I think the natural retention that it has is great, because if you trip or take a slide it'll probably still be there. Also that it has a more scythe-like quality to it, so it could be good for clearing thick brush (like where it would be a pain in the ass to use a regular straight-bladed machete). Any blade can be made solid, but I think those two things might somewhat put it a little bit ahead of a regular machete.

On the other hand: The straight machete is easier to get in & out of the sheath (take it out, use it, put it back, repeating as needed), it gives a few extra inches for splitting & for chopping at whatever brush you're clearing (then again, that depends on the size of the blades), and it's a bit easier to use for general knife tasks. It seems to be somewhat easier to start using the straight machete without any practice than with the khukuri, but neither one seems to be all that hard. Just swing the khukuri from a little closer than you would with a straight-blade & that seems to be it.
 
Check out Himalayan Imports. Great khukuries, great service. They are a member here on Bladeforums.
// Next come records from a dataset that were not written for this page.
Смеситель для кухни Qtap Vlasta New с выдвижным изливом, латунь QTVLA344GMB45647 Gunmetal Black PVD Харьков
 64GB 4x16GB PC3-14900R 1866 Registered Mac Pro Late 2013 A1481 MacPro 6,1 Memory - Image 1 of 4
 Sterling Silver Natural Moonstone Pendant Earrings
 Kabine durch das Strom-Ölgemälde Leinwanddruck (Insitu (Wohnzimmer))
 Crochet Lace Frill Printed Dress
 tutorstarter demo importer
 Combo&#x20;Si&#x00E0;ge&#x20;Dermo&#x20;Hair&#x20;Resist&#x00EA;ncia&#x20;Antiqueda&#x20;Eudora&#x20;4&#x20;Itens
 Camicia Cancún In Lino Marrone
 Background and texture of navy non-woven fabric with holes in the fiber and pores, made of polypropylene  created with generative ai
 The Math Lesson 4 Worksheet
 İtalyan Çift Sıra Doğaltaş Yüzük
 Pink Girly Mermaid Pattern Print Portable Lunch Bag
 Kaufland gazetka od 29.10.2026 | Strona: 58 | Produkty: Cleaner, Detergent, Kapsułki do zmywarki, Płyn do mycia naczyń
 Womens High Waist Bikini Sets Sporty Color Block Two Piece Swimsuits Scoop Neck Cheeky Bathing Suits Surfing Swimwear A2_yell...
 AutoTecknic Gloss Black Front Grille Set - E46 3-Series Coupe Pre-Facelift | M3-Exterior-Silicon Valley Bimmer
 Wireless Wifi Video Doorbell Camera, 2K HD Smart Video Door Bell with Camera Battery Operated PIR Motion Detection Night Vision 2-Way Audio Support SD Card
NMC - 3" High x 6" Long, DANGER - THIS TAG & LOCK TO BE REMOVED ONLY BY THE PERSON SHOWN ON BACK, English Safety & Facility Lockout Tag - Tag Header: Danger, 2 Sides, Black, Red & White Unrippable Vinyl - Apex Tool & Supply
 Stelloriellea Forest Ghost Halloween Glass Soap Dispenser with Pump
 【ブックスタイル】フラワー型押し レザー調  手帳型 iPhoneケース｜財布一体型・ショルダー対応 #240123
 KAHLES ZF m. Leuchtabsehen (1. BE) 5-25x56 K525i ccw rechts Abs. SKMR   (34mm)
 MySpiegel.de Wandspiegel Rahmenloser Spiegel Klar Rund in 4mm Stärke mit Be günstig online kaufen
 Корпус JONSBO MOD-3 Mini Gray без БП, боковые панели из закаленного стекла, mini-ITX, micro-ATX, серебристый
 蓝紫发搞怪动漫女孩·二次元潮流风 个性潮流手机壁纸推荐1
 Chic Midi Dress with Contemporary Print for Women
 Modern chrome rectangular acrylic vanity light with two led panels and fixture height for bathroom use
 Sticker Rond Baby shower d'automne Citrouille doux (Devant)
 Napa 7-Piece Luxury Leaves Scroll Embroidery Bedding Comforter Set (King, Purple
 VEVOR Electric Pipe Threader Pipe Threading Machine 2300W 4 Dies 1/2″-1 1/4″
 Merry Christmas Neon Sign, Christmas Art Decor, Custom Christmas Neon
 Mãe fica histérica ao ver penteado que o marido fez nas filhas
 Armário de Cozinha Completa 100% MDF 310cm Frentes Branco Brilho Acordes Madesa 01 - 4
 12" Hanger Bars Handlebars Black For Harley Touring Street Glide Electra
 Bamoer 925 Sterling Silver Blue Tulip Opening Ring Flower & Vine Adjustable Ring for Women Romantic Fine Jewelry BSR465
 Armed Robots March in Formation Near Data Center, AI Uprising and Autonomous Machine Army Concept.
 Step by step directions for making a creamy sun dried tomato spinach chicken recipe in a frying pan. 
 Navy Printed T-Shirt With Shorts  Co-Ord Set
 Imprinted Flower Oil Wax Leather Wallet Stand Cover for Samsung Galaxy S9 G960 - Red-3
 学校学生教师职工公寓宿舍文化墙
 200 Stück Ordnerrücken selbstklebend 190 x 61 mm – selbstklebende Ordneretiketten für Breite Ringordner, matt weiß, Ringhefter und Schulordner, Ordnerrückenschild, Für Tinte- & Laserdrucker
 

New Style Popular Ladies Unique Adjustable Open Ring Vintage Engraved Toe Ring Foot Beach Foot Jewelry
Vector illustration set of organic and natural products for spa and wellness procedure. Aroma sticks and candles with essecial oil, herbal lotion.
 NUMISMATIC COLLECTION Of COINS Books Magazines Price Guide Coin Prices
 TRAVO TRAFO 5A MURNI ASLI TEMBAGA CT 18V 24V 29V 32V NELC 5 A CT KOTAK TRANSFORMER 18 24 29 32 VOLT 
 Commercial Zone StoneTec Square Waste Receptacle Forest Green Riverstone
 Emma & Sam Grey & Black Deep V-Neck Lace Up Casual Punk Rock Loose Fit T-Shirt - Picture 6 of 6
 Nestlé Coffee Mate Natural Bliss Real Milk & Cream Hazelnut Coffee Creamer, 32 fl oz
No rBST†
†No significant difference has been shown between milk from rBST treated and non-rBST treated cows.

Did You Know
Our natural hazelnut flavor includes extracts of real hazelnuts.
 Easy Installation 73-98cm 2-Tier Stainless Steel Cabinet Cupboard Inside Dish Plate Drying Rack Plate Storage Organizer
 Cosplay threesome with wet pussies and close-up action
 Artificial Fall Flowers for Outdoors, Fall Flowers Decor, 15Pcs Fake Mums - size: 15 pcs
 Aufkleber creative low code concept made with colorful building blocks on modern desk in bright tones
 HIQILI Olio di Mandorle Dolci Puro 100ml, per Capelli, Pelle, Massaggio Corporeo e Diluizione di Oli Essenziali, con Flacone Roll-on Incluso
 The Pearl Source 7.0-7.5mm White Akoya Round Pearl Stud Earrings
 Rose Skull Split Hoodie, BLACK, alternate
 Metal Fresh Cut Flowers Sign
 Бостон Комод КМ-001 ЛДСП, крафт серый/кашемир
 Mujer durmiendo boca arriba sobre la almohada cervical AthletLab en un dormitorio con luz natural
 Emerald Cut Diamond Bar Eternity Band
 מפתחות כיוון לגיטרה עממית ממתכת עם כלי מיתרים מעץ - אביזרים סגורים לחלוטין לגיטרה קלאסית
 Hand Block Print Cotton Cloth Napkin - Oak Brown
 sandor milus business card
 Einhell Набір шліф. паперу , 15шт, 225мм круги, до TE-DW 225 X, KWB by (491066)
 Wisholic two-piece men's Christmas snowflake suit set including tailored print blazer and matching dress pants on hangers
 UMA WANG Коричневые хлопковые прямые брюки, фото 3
There is plenty of good information on khukuries, no hype.
 
Think more axe, less machete. Khuks tend to be thicker and heavier than machetes. I can imagine using my 16.5"'WW2 from Himalayan Imports to clear brush all day as it weighs a ton. But it will split wood, take down trees and limb very well.
 
Hey, everyone. I figure I've made a point that I think well of khukuris in other posts. I wanted to know what other people's opinions are. It can be in any way, but I was thinking about bushcraft uses for the most part. I've heard numerous times that it's actually IDEAL.

I think the natural retention that it has is great, because if you trip or take a slide it'll probably still be there. Also that it has a more scythe-like quality to it, so it could be good for clearing thick brush (like where it would be a pain in the ass to use a regular straight-bladed machete). Any blade can be made solid, but I think those two things might somewhat put it a little bit ahead of a regular machete.

On the other hand: The straight machete is easier to get in & out of the sheath (take it out, use it, put it back, repeating as needed), it gives a few extra inches for splitting & for chopping at whatever brush you're clearing (then again, that depends on the size of the blades), and it's a bit easier to use for general knife tasks. It seems to be somewhat easier to start using the straight machete without any practice than with the khukuri, but neither one seems to be all that hard. Just swing the khukuri from a little closer than you would with a straight-blade & that seems to be it.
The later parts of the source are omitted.